* **Prompt**
Copy each entry below verbatim. Skip the pictures.

* **Working data**
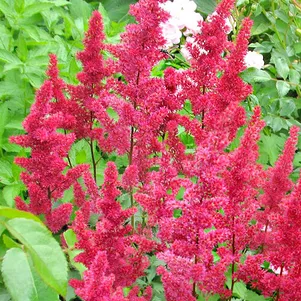 

Астильба Арендса Гертруд Брикс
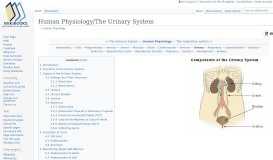 
							         Human Physiology/The Urinary System - Wikibooks, open books for ...								  
							    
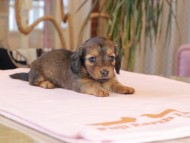 Kaninchen_Dachshund2118 Kaninchen_Dachshund2118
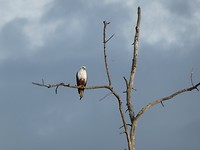 Sea eagle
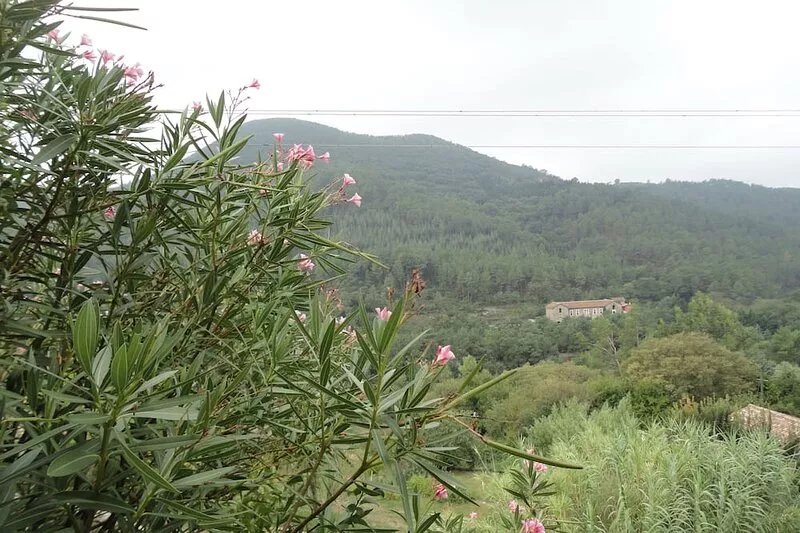 Les COURTINES magnificent MAS- 8pers-Piscine-Calme et Confort-CEVENNES-ARDECHE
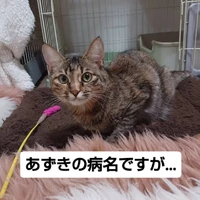 画像2840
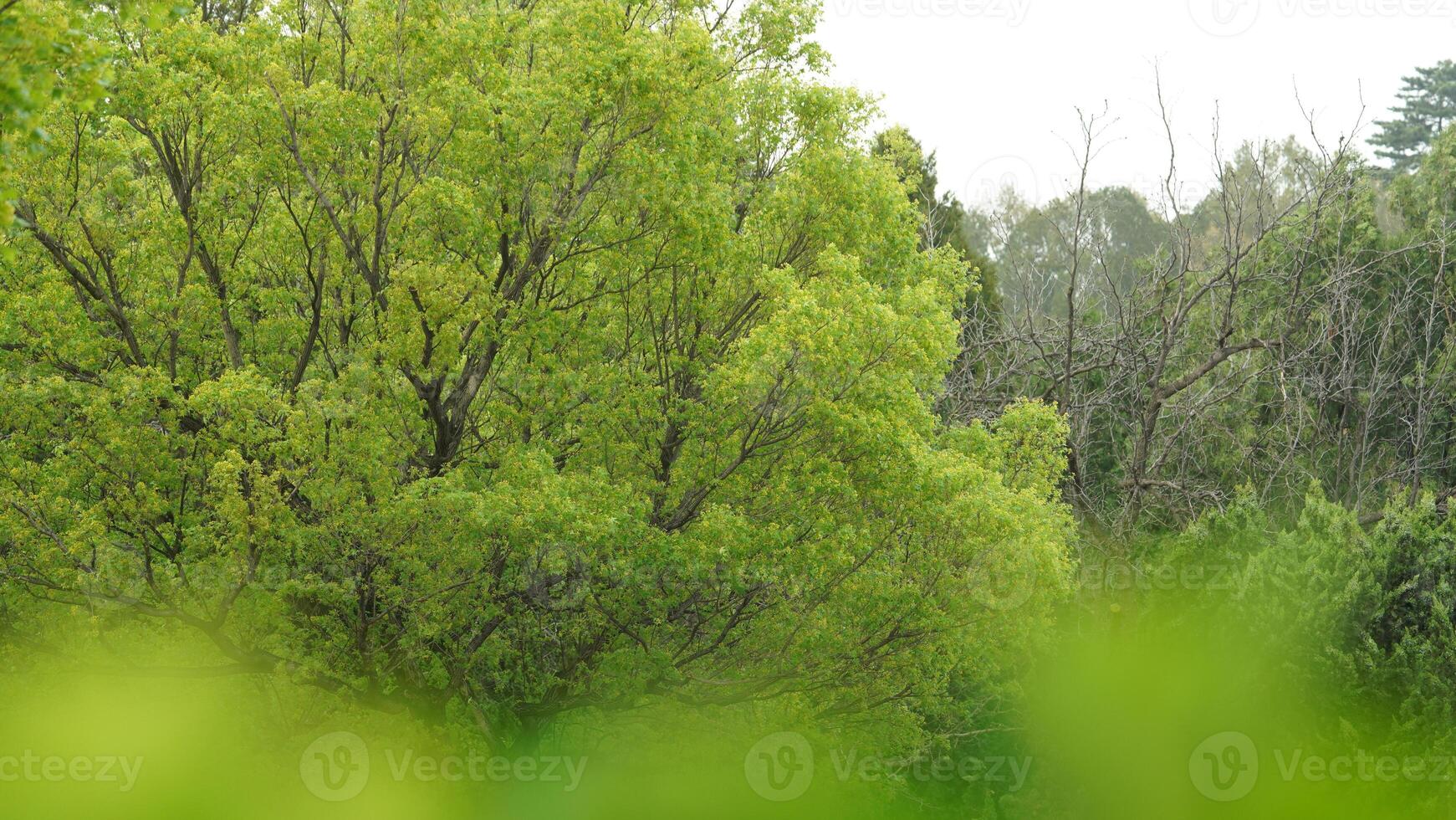 The fresh green leaves on the trees in spring photo
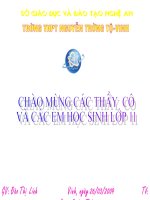 bai 41. sinh san vo tinh o thuc vat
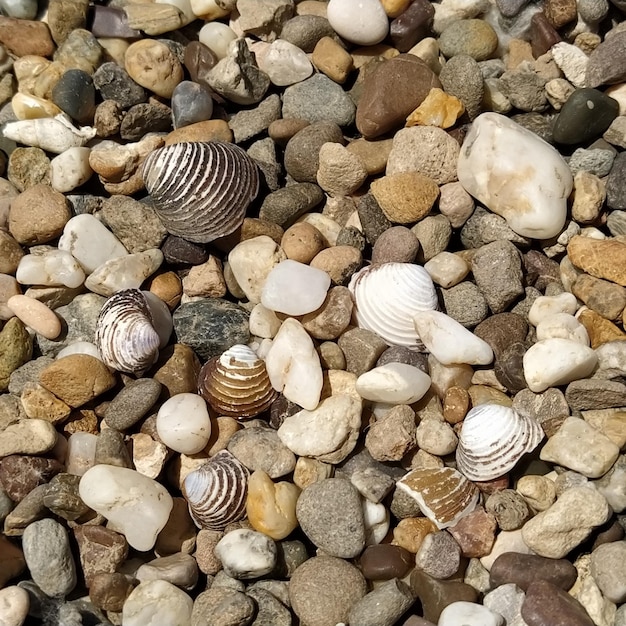 Cailloux comme image d'arrière-plan blanc gris brun rougeâtre petites pierres ou cailloux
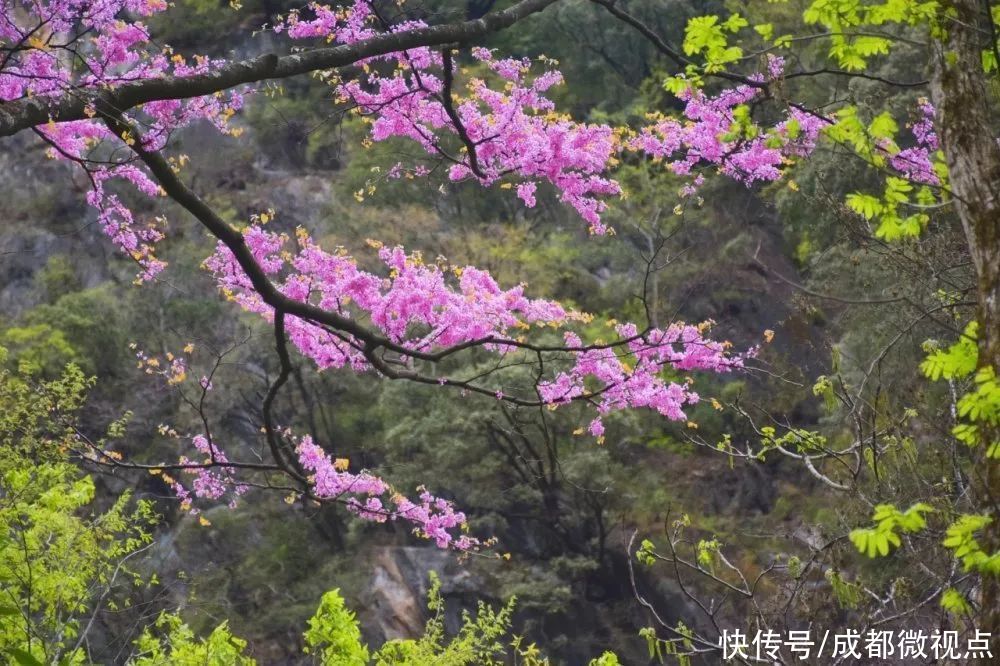 紫色花海迷人眼，赏花攻略已送达，只待君来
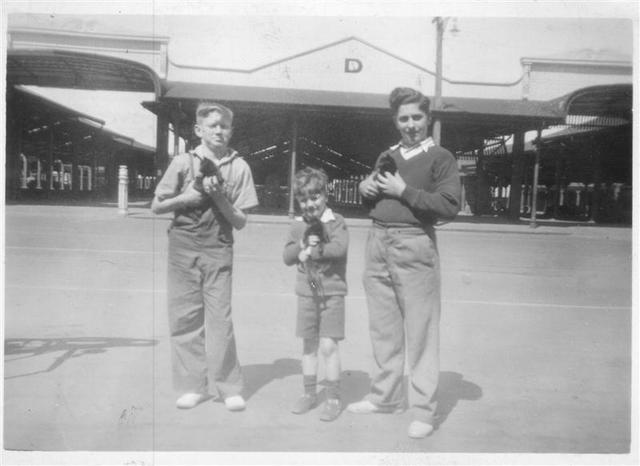 Three lads with kittens, Queen Victoria Market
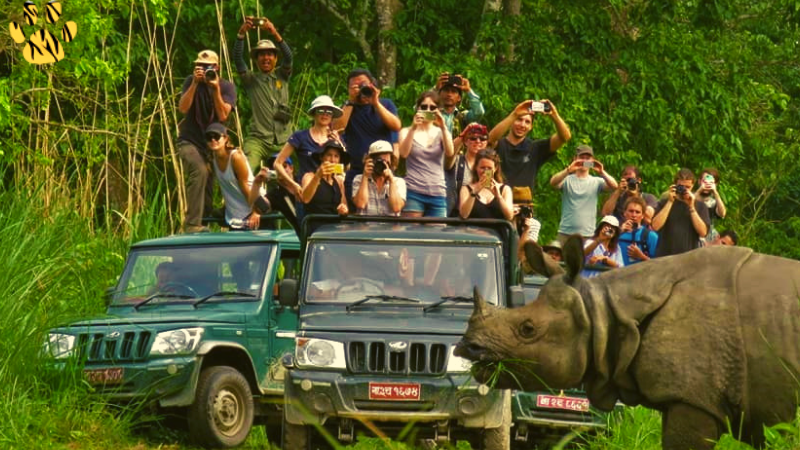Safari jeep of visitors photographing a one-horned rhino in Chitwan National Park, Nepal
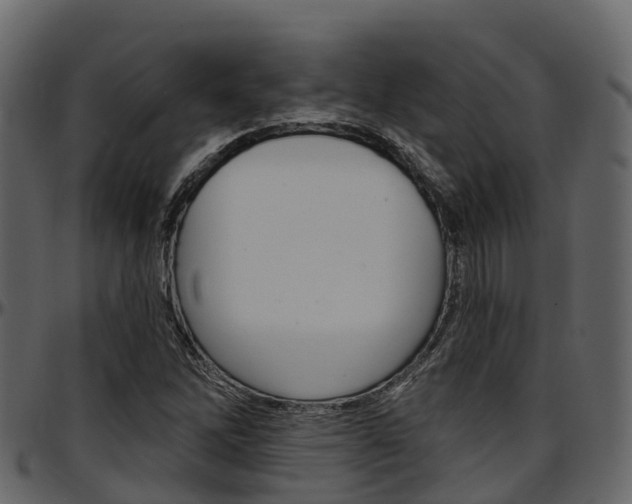 X0000097611262200802290747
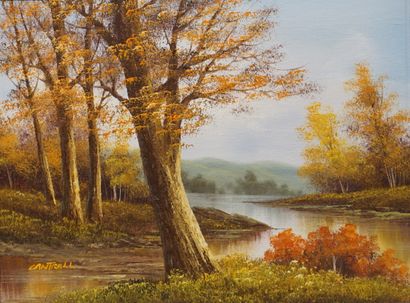 CANTRELL "Autumn landscape", oil on canvas, sbg. 31x41 cm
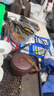 倍思小酷 蘋(píng)果充電器氮化鎵pd20W快充 適用iPhone16e/15ProMax14/13/12/11iPad手機Type-C插頭 琥珀橙 曬單實(shí)拍圖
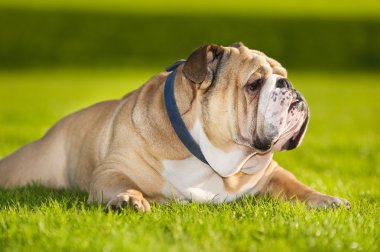 güzel köpek İngilizce bulldog açık havada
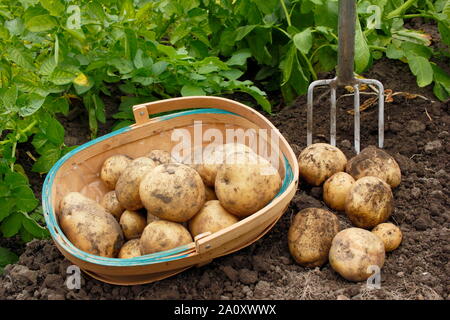 Solanum tuberosum 'arfona'. Les pommes de terre fraîchement creusée deuxième récoltés dans un trug dans un allotissement jardin. UK Banque D'Images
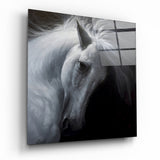 Horse Glass Wall Art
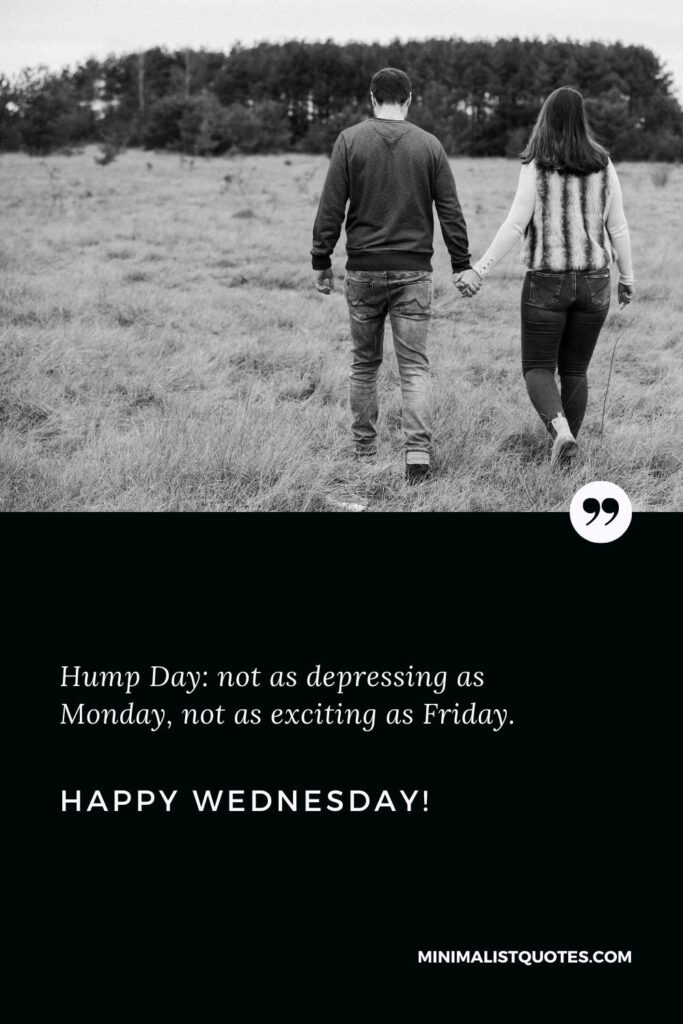Happy Wednesday Wishes: Hump Day: not as depressing as Monday, not as exciting as Friday. Happy Wednesday!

* **Problem solution**
Астильба Арендса Гертруд Брикс
							         Human Physiology/The Urinary System - Wikibooks, open books for ...								  
							    
 Kaninchen_Dachshund2118 Kaninchen_Dachshund2118
 Sea eagle
 Les COURTINES magnificent MAS- 8pers-Piscine-Calme et Confort-CEVENNES-ARDECHE
 画像2840
 The fresh green leaves on the trees in spring photo
 bai 41. sinh san vo tinh o thuc vat
 Cailloux comme image d'arrière-plan blanc gris brun rougeâtre petites pierres ou cailloux
 紫色花海迷人眼，赏花攻略已送达，只待君来
 Three lads with kittens, Queen Victoria Market
Safari jeep of visitors photographing a one-horned rhino in Chitwan National Park, Nepal
 X0000097611262200802290747
 CANTRELL "Autumn landscape", oil on canvas, sbg. 31x41 cm
 倍思小酷 蘋(píng)果充電器氮化鎵pd20W快充 適用iPhone16e/15ProMax14/13/12/11iPad手機Type-C插頭 琥珀橙 曬單實(shí)拍圖
 güzel köpek İngilizce bulldog açık havada
 Solanum tuberosum 'arfona'. Les pommes de terre fraîchement creusée deuxième récoltés dans un trug dans un allotissement jardin. UK Banque D'Images
 Horse Glass Wall Art
Happy Wednesday Wishes: Hump Day: not as depressing as Monday, not as exciting as Friday. Happy Wednesday!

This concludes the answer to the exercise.